● DATA
==*==

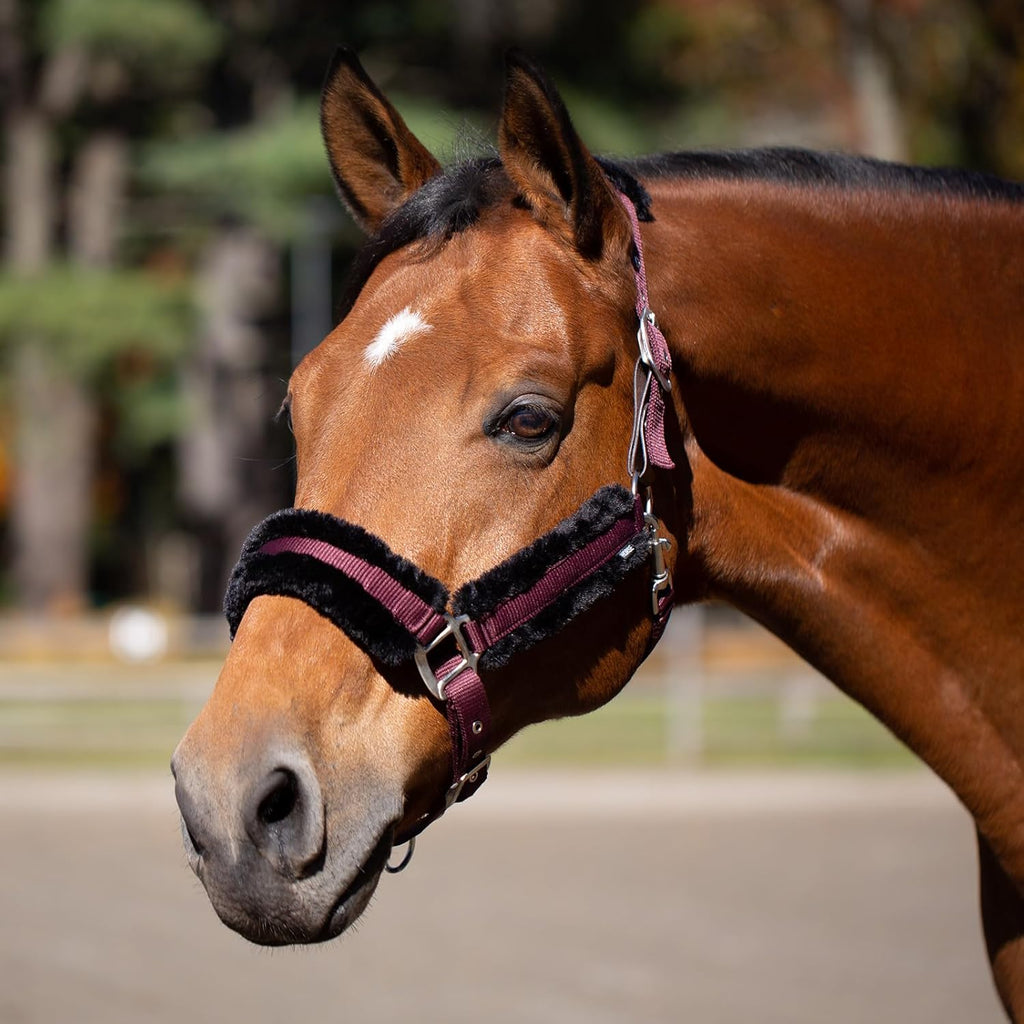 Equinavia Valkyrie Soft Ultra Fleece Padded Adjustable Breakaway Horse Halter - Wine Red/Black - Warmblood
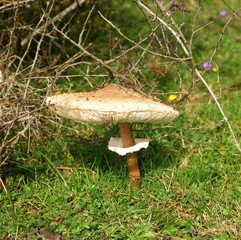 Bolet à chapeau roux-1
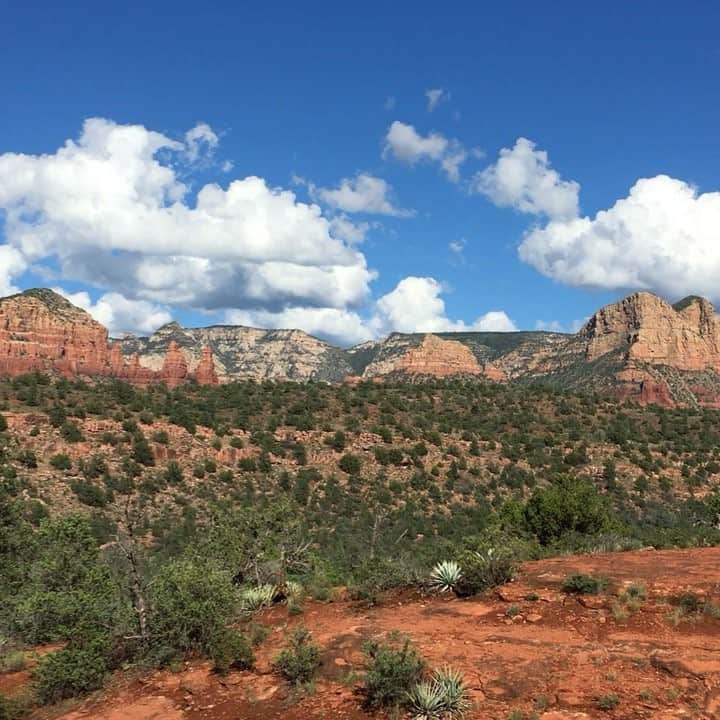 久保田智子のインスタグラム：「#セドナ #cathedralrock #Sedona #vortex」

==*==

● WORK ORDER
Exclude every picture and restate the listing word for word.

● WRITTEN ANSWER
 Equinavia Valkyrie Soft Ultra Fleece Padded Adjustable Breakaway Horse Halter - Wine Red/Black - Warmblood
 Bolet à chapeau roux-1
 久保田智子のインスタグラム：「#セドナ #cathedralrock #Sedona #vortex」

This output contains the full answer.